Say i is the index of the deleted window in some iteration, and A = [a, a + k - 1] is a k-long window in w before the deletion. Then A is deleted if one of these cases holds:
- a <= i <= a + k - 1, which is equivalent to i - k + 1 <= a <= i
- a <= i + k - 1 <= a + k - 1, which is equivalent to i <= a <= i + k - 1
i.e. max(0, i - k + 1) <= a <= min(i + k - 1, n - k)
Number of deleted windows: 1 + min(i + k - 1, n - k) - max(0, i - k + 1) <= 2k - 1
Say i is the index of the deleted window in some iteration, and A = [a, a + k - 1] is a k-long window in w after both the deletion and insertion. Then A is a new window if one of these cases holds:
- 0 <= a <= k - 2
- i <= a <= i + k - 2
Number of added windows: 2k - 2 - max(0, k - 2 - i + 1) <= 2k - 2
Say i is the index of the deleted window in some iteration, and A = [a, a + k - 1] is a k-long window in w before the deletion. Then A is a shifted window if one of these cases holds:
- 0 <= a <= i - k (shifted by k - 1)
- i + k <= a <= n - k (shifted by -1)
Number of shifted windows: max(0, i - k + 1) + max(0, n - i - 2k + 1) = O(n)
Our encoder is a one-to-one function E: [q]^(n - 1) -> [q]^n. All encoder output vectors (the encoder image) are (2 • log_q(n) + 2)-repeat-free. Are there enough of these vectors in [q]^n for them to satisfy unique source vectors?
Proposition. Denote by A(n, k) the number of vectors of length n which are k-repeat-free, then for all k >= 2 • log_q(n), it holds that A(n, k) >= q^(n - 1).
Proof. We count the number of "bad" vectors. To do so, we count the number of vectors whose i-th window is identical to its j-th window, for j > i. For such i, j, the k values in the j-th window are determined by the k − max(0, j − i) values in the i-th window. That is, even if the two windows overlap, the number of values that are automatically determined is k. (Truly, if they do not overlap, this is clear. Otherwise, they overlap in j − i bits. The first k − (j − i) bits of the i-th window will determine the next k − (j − i) bits of the union block of the two windows, which in turn determine the next bits until all the union block is determined.) Thus, the number of “free” choosable bits is n − k, in all cases. Then for any i, j, the number of non-k-repeat-free vectors with such two identical windows is q^(n - k). Clearly, a vector might satisfy this property for two different values for i, j, so we are over-counting.
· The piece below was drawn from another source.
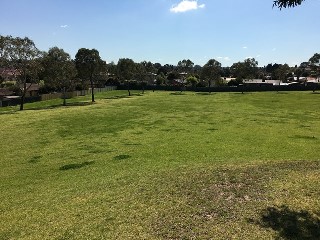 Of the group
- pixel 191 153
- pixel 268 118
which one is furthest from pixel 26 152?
pixel 268 118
Then we have
[Number of bad vectors]
- <= sum of [Number of bad vectors with identical windows at i, j] for 1 <= i < j <= n - k + 1
- = sum of (q^(n - k)) for 1 <= i < j <= n - k + 1
- <= sum of (q^(n - 2 • log_q(n))) for 1 <= i < j <= n
- = (n choose 2) • q^(n - 2 • log_q(n))
- = (n(n - 1) / 2) • q^n / n^2
- = ((n - 1) / n) • q^(n - 1)
- <= q^(n - 1)
Even with over-counting, we successfully upper-bounded the number of bad vectors by q^(n - 1). Therefore, the number of “good” k-repeat-free vectors is at least q^n − q^(n − 1) >= q^(n − 1), as required to prove.